Exactly reproduce the lines beginning with the line that includes "Paige Denim Layda Western Chambray Shirt" and ending with the last line of the data.

(Caption-style text data)
..........
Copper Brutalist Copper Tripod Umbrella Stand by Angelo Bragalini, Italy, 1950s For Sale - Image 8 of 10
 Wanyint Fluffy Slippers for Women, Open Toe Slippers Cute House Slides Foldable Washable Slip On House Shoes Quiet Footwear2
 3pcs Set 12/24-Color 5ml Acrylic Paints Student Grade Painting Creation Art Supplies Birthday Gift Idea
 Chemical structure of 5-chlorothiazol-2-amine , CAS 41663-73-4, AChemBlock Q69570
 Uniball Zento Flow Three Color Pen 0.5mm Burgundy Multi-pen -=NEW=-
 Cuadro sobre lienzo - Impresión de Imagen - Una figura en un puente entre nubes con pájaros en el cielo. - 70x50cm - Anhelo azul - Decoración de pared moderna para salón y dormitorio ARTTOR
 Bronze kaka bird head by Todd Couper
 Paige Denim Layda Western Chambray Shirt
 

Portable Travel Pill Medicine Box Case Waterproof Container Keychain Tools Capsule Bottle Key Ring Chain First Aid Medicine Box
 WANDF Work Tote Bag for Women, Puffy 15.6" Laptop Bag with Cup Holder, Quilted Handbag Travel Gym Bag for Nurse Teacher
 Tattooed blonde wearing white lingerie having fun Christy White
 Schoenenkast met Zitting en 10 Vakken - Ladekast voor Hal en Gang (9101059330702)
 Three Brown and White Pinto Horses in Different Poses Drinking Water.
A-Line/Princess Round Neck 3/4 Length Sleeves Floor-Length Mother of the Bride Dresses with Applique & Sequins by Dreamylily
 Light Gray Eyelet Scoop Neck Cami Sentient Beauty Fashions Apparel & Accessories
..........
◆ Answer to this task
 Paige Denim Layda Western Chambray Shirt
 

Portable Travel Pill Medicine Box Case Waterproof Container Keychain Tools Capsule Bottle Key Ring Chain First Aid Medicine Box
 WANDF Work Tote Bag for Women, Puffy 15.6" Laptop Bag with Cup Holder, Quilted Handbag Travel Gym Bag for Nurse Teacher
 Tattooed blonde wearing white lingerie having fun Christy White
 Schoenenkast met Zitting en 10 Vakken - Ladekast voor Hal en Gang (9101059330702)
 Three Brown and White Pinto Horses in Different Poses Drinking Water.
A-Line/Princess Round Neck 3/4 Length Sleeves Floor-Length Mother of the Bride Dresses with Applique & Sequins by Dreamylily
 Light Gray Eyelet Scoop Neck Cami Sentient Beauty Fashions Apparel & Accessories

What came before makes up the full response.